Gastro-Resistant Tablet: The recommended initial daily dose is 100 to 150 mg. In milder cases, as well as for long-term therapy, 75 to 100 mg daily is usually sufficient.

The total daily dose should generally be divided into 2 to 3 doses. To suppress nocturnal pain and morning stiffness, treatment with tablets during the day can be supplemented by the administration of a suppository at bedtime (up to a total maximum daily dose of 150 mg).

In primary dysmenorrhea, the daily dose should be individually adjusted and is generally 50 to 150 mg. A dose of 50 to 100 mg should be given initially and, if necessary, increased over the course of several menstrual cycles up to a maximum of 200 mg/day. Treatment should be started on appearance of the first symptoms and, depending on the symptomatology, continued for a few days.

SR Tablet: The recommended initial daily dose is 100 mg.

In milder cases, as well as for long-term therapy, 100 mg daily is usually sufficient.

Where the symptoms are most pronounced during the night or in the morning, the tablet should preferably be taken in the evening.

Children: Gastro-Resistant Tablet: Children aged 1 year or over and adolescents should be given 0.5 to 2 mg/kg body weight daily in 2 to 3 separate doses, depending on the severity of the disorder. For treatment of juvenile rheumatoid arthritis, the daily dose can be raised up to a maximum of 3 mg/kg daily, given in separate doses.

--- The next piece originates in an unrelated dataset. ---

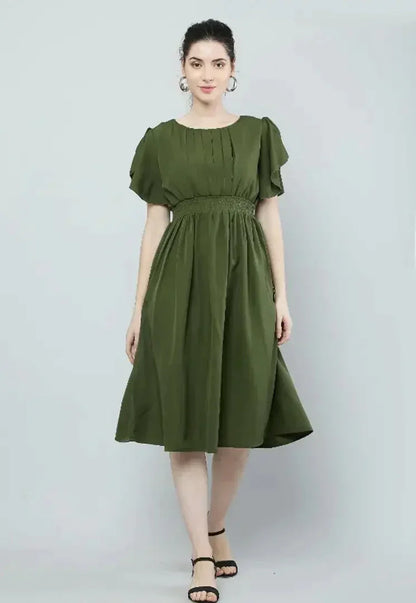 Classic Polyester Solid Dresses for Women simsim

The maximum daily dose of 150 mg should not be exceeded.

Because of their dosage strength, Emifenac 50 mg gastro-resistant tablets are not recommended for use in children and adolescents below 14 years of age; Emifenac 25 mg gastro-resistant tablets could be used in these patients.

SR Tablet: Not suitable for children and adolescents because of the dosage strength.

Elderly (Patients aged 65 or above): No adjustment of the starting dose is required for elderly patients.

Established Cardiovascular Disease or Significant Cardiovascular Risk Factors: Treatment with Emifenac is generally not recommended in patients with established cardiovascular disease or uncontrolled hypertension. If needed, patients with established cardiovascular disease, uncontrolled hypertension, or significant risk factors for cardiovascular disease should be treated with Emifenac only after careful consideration and only at doses ≤100 mg daily if treated for more than 4 weeks.

Renal Impairment: Emifenac is contraindicated in patients with renal failure. No specific studies have been carried out in patients with renal impairment, therefore, no specific dose adjustment recommendations can be made. Caution is advised when administering Emifenac to patients with mild to moderate renal impairment.

Hepatic Impairment: Emifenac is contraindicated in patients with hepatic failure.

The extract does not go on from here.